Materials and methods
This cross-sectional study included 59 patients without comorbid disease who had HP and 30 healthy controls without HP in upper endoscopic biopsy. In order to assess atherosclerosis, the CIMT measurement was performed by sonography. Serum GDF-15 level was measured by ELISA method. In all patients, atherosclerosis markers were recorded. Atherogenic indices were calculated, including Castelli risk index I and II (TG/HDL-c and LDL-c/HDL-c, respectively), plasma atherogenic index (PAI; log TG/HDL-c), non-HDL-c (TH-HDL-c) and atherogenic coefficient (AC; non-HDL-HDL-c).
Results
The GDF-15 level and CIMT were significantly higher in HP-positive group when compared to HP-negative group (p ≤ 0.001).
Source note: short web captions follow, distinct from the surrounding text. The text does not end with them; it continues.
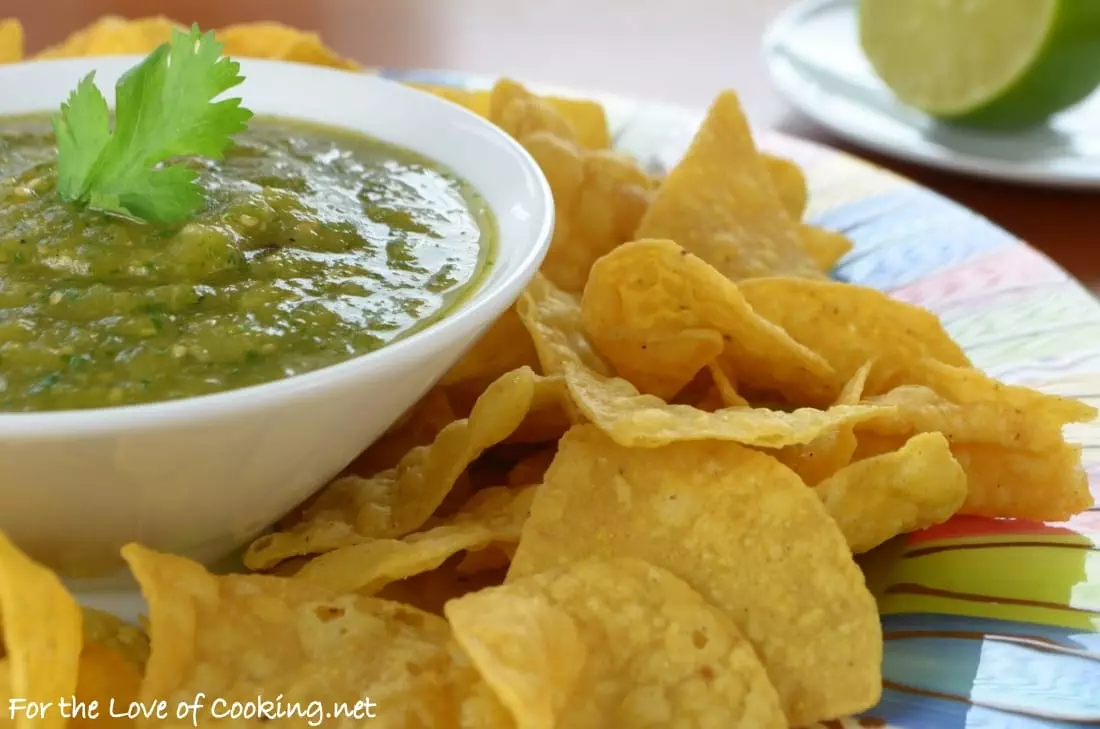 Roasted Hatch Chile Salsa Verde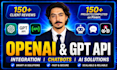integrate openai API for chat gpt and chatbot development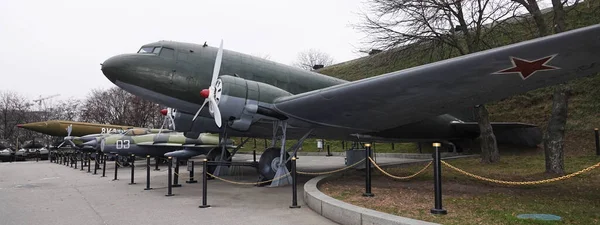 Kiev Ukraine March 2020 Military Equipment Public Viewing National Museum — Stock Photo, Image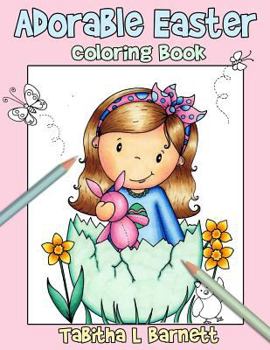 Paperback Adorable Easter: Coloring Book for all ages Book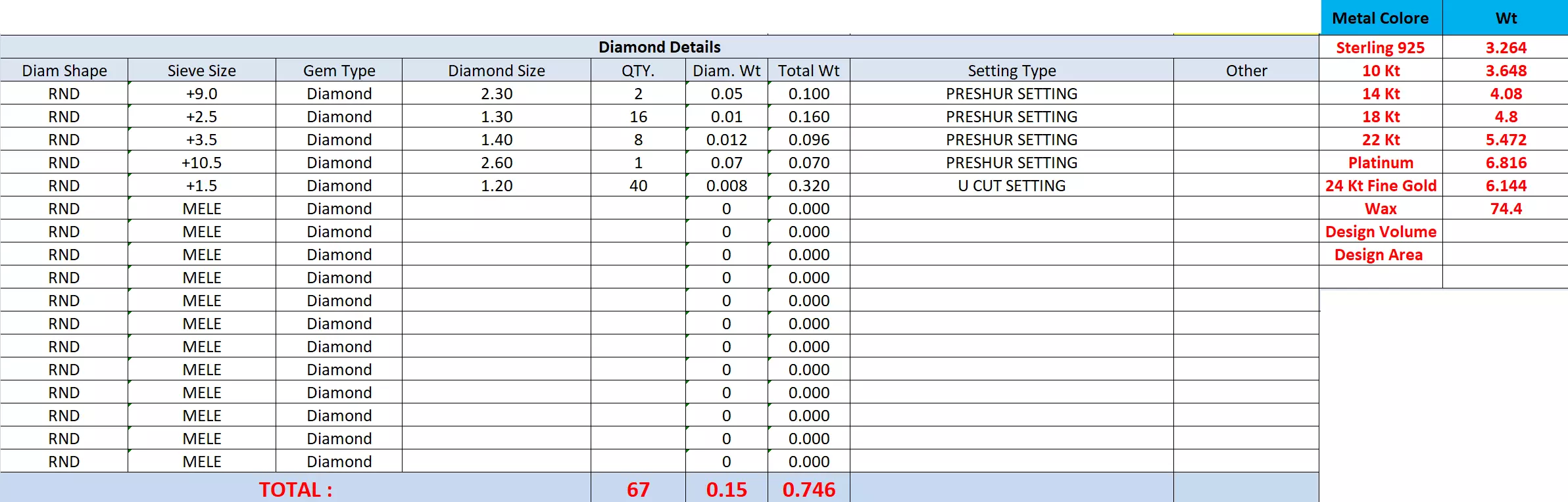 Diamond Cocktail Ring 3dm stl renders animation videos 3D print model_2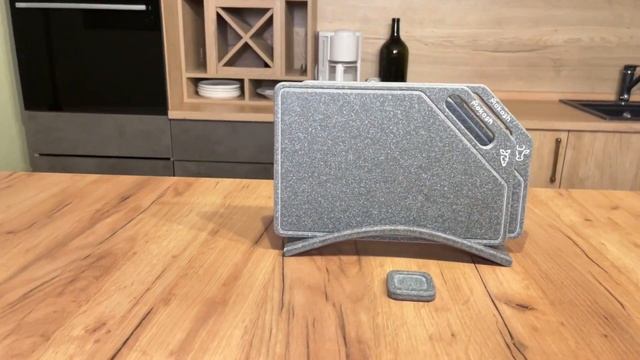 Набор разделочных досок из искусственного камня Mokosh, 2 шт, цвет соль и перец смотреть онлайн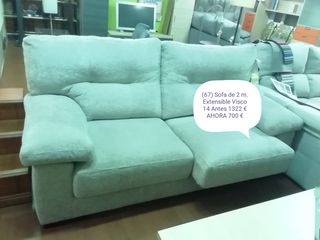 Sofá 2 plazas extensible 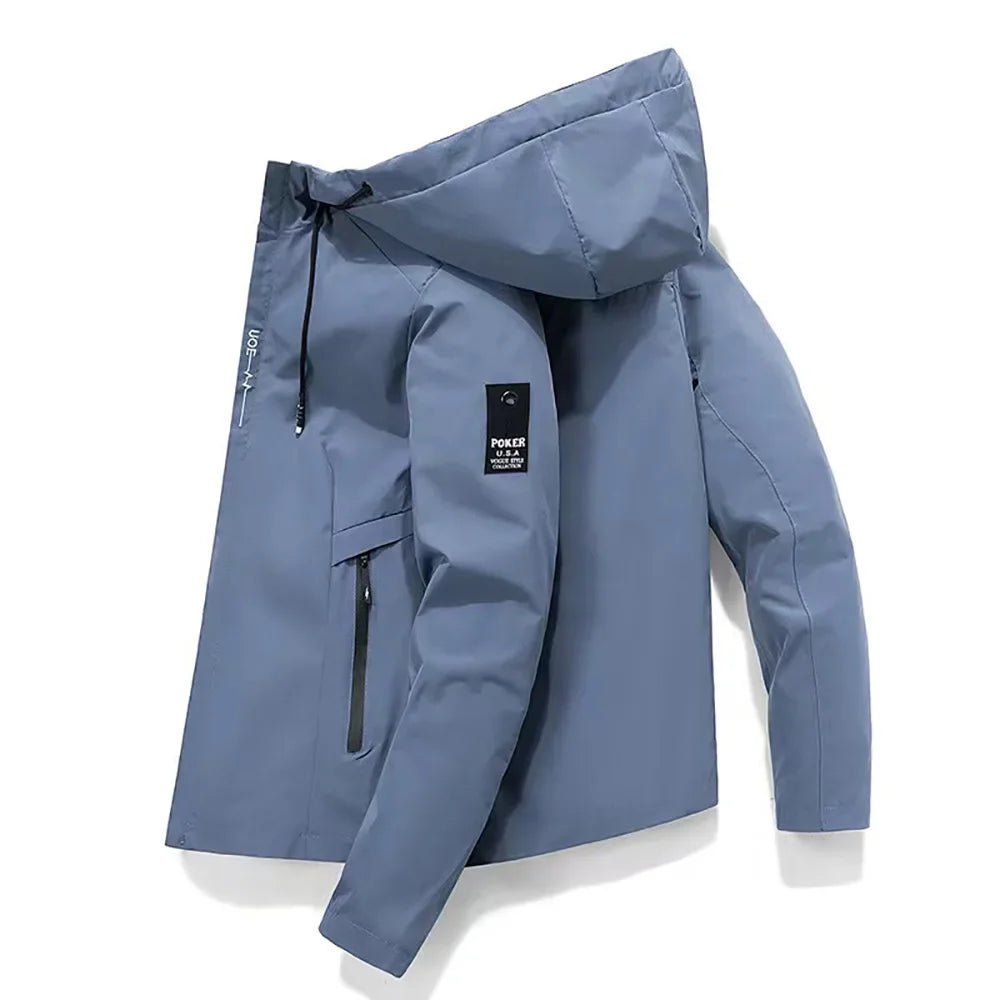 Tech Wear Fashion Zipper Hooded Street Jacket - ATLAS 1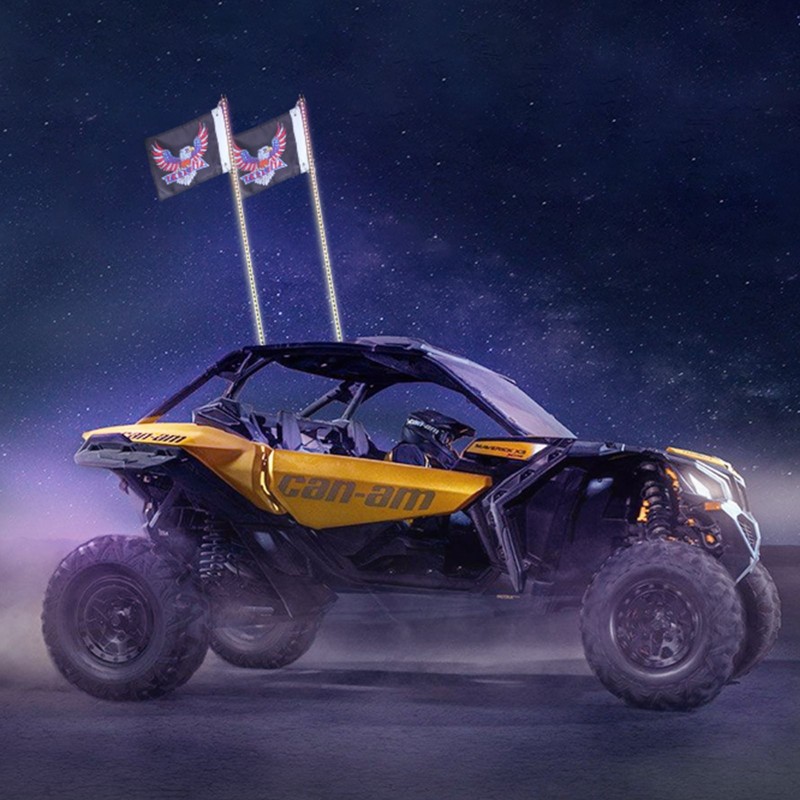 LED-mastonvalot 2 kpl 1230 mm RGB IP67 Bluetooth-sovellus RF-kaukosäädin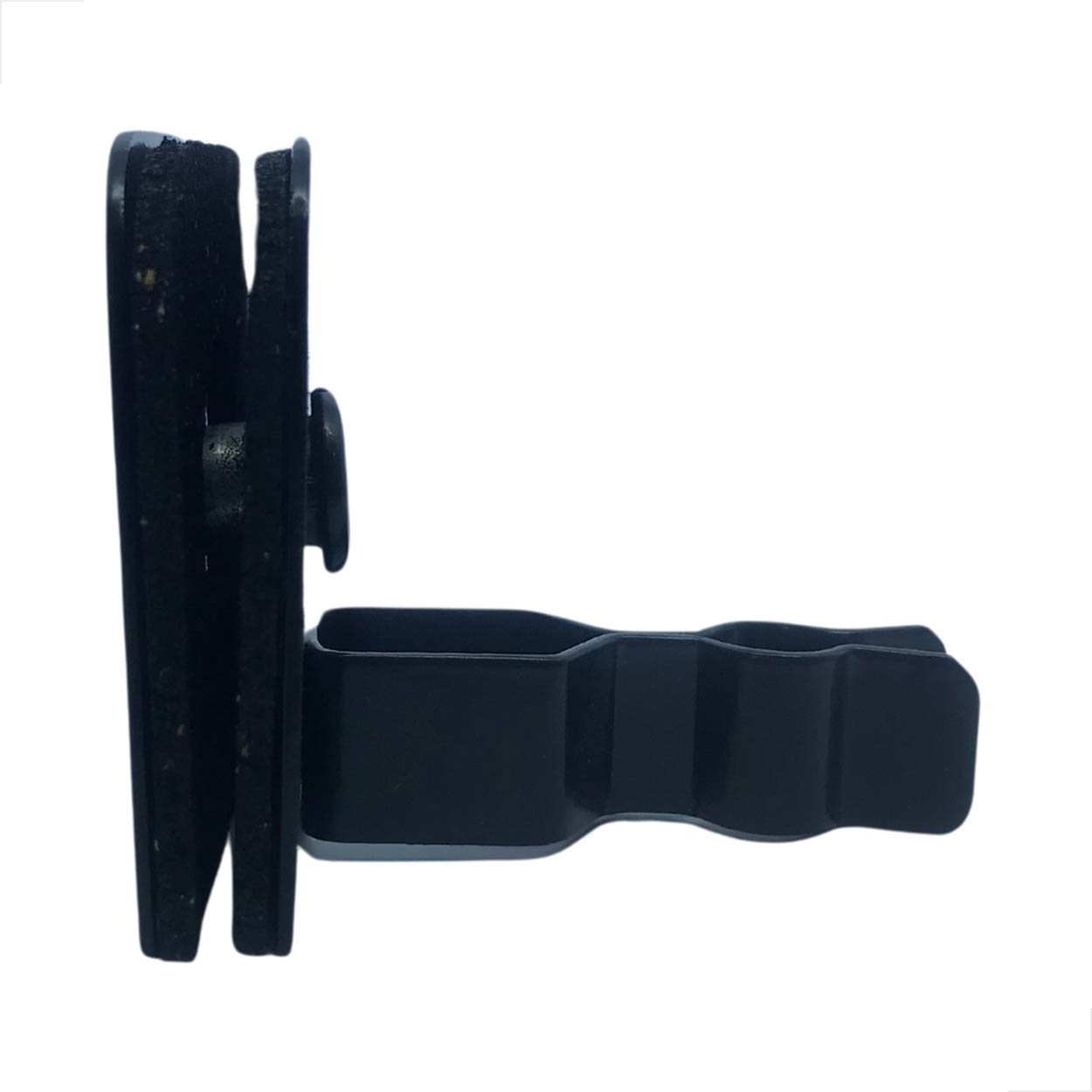 Fixador Porta Pressão Rodapé Piso C/ Parafuso M1702X Preto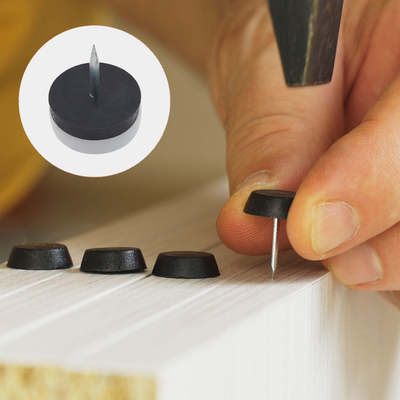 Double Layer 16mm Nail Furniture Glides Easy Assembly For RTA Furniture Feet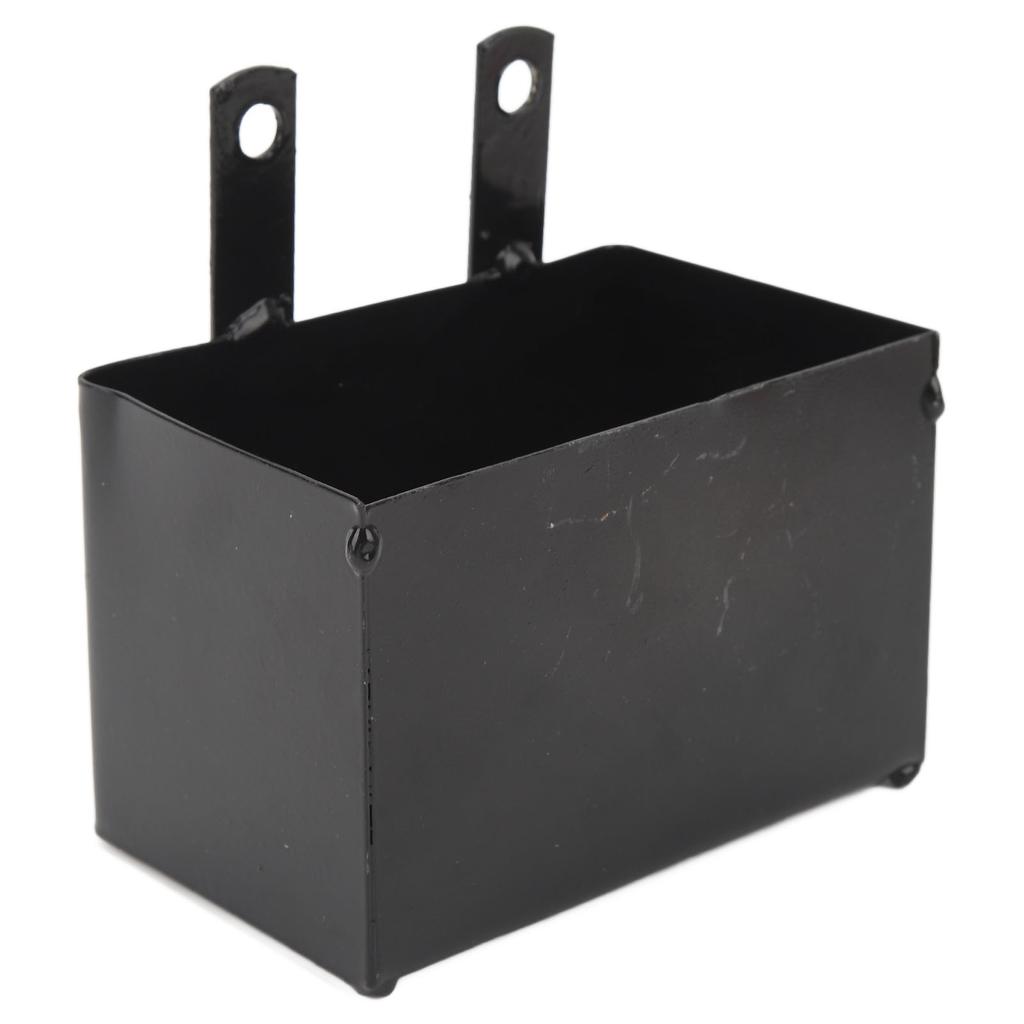 Motorcycle Battery Carrier Case Box Holder Black Rustproof Sturdy Structure for 50cc To 125cc ATV Motorbike Dirt Bike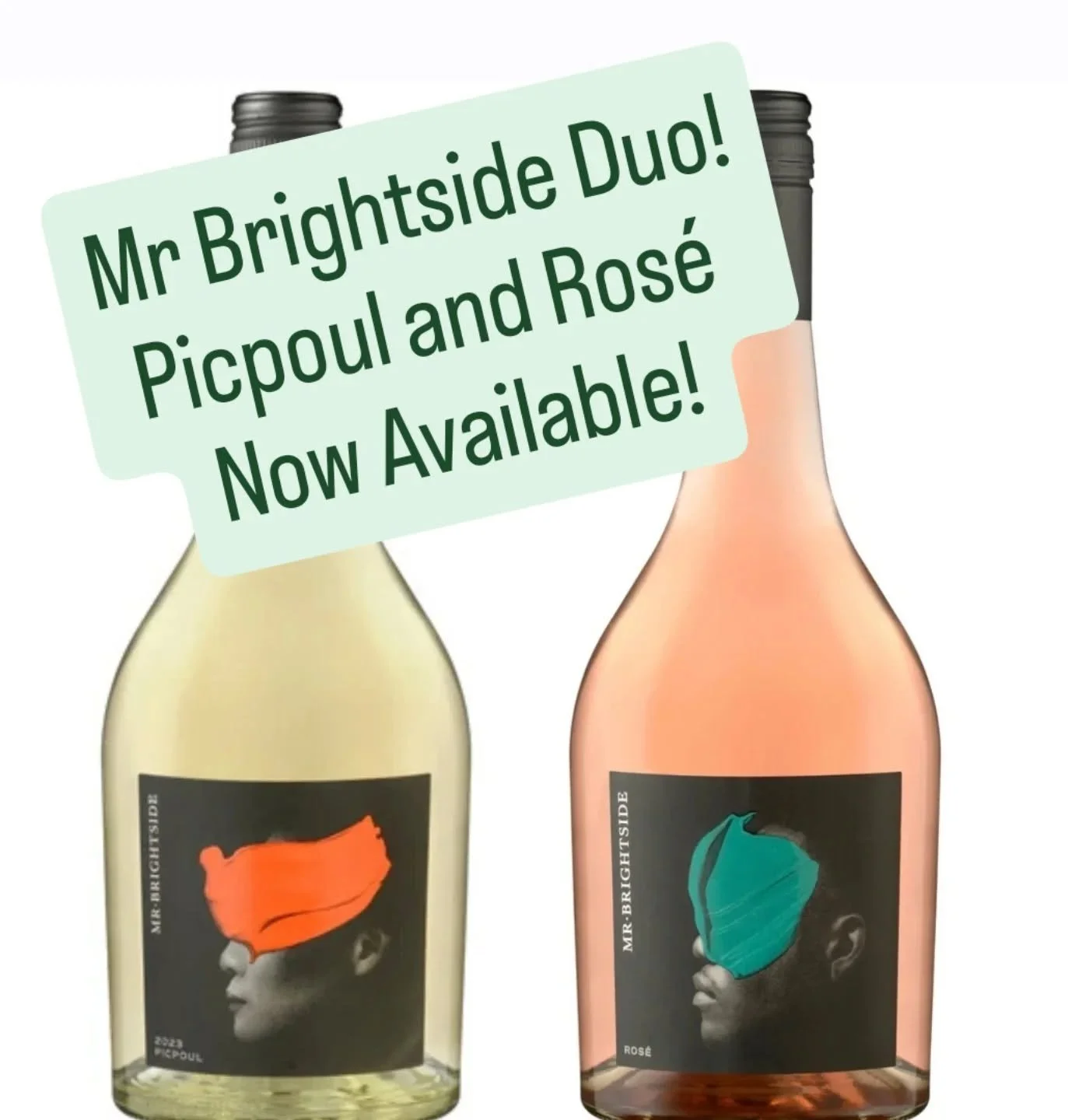Our Mr Brightside Duo is now available! Their Picpoul and Ros&eacute; will brighten up your day! 
@mrriggswineco
@mrbrightsidewine
.
#theforestvine #ros&eacute; #picpoul #mrbrightside #mrriggs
There was a significant correlation between serum GDF-15 level and CIMT (r = 0.445; p ≤ 0.001). There was no correlation between other atherosclerosis markers and serum GDF-15 level or CIMT. The bacterial intensity on endoscopic specimen was only correlated with CIMT (p < 0.001). Vitamin B12 and D levels were comparable among groups.
Conclusion
This study suggested that there was a correlation between GDF-15 level and subclinical atherosclerosis development in patients with HP. However, GDF-15 level, which was found to be elevated while atherogenic indices were normal, can be an earlier marker for subclinical atherosclerosis.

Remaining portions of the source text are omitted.